▶ **EXERCISE REQUIREMENTS**
Look below for the line with "Piaggio Scooter: Piaggio" and the line with "VOLKSWAGEN GOLF NEW ENERGY"; repeat exactly those two lines and all lines between them, but no pictures.

▶ **SUPPLIED INFORMATION**
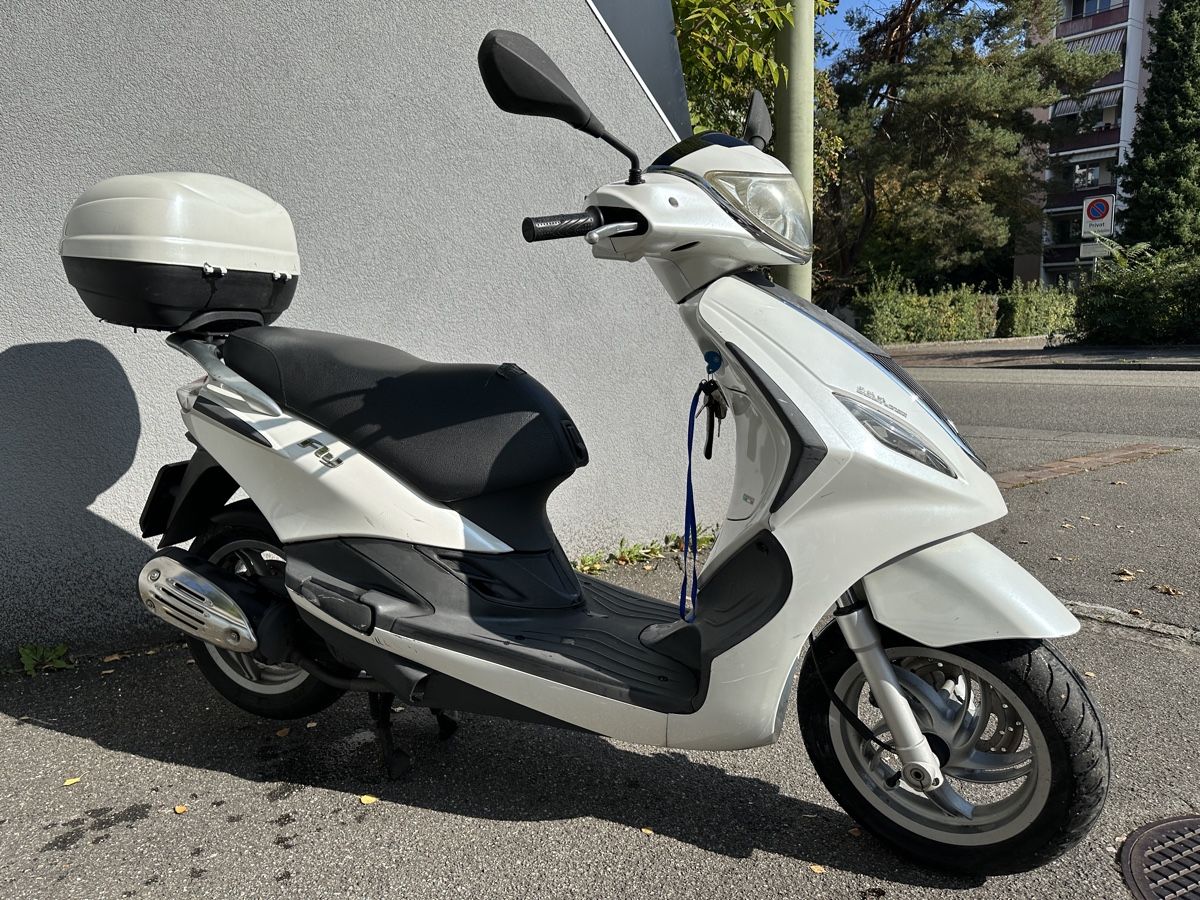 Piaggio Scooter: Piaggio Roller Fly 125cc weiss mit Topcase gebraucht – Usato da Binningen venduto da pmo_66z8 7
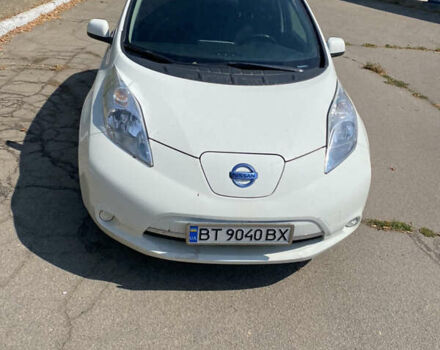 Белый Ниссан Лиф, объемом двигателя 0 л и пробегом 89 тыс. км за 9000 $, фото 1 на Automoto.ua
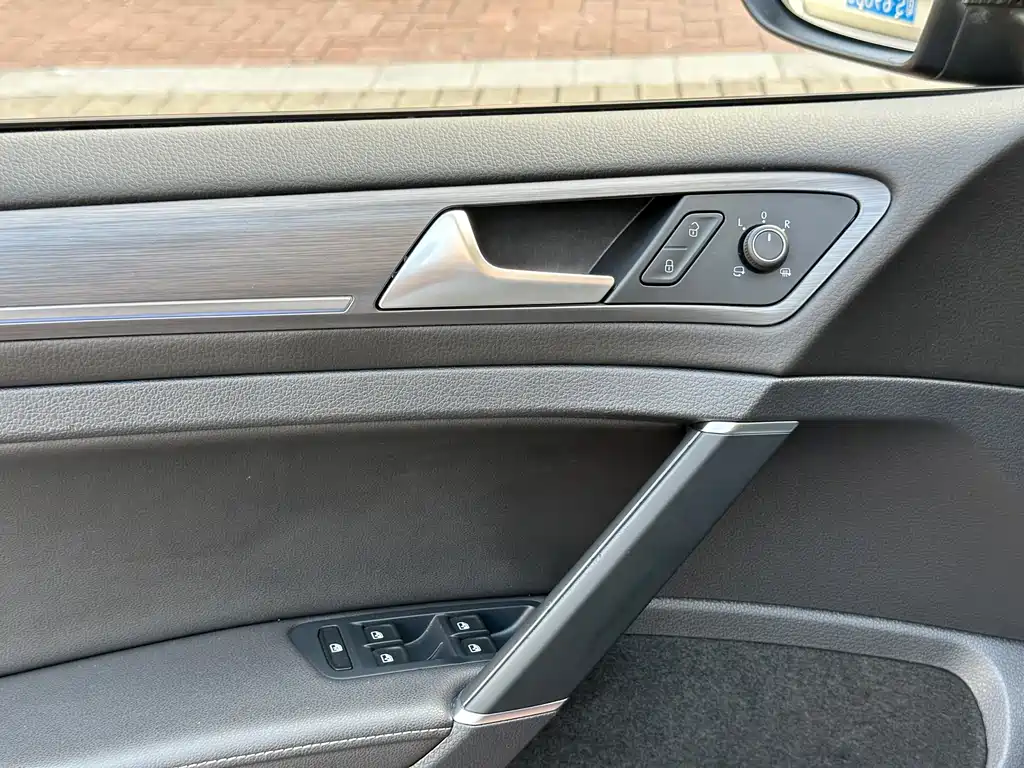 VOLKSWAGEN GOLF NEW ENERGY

==

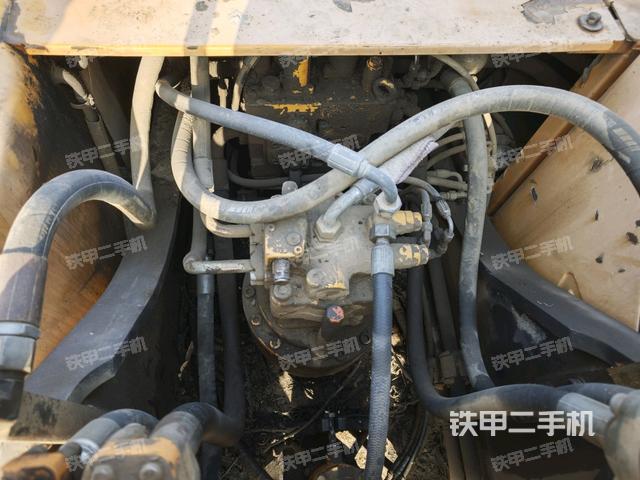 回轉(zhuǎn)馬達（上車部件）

▶ **SOLUTION BELOW**
 Piaggio Scooter: Piaggio Roller Fly 125cc weiss mit Topcase gebraucht – Usato da Binningen venduto da pmo_66z8 7
 Белый Ниссан Лиф, объемом двигателя 0 л и пробегом 89 тыс. км за 9000 $, фото 1 на Automoto.ua
 VOLKSWAGEN GOLF NEW ENERGY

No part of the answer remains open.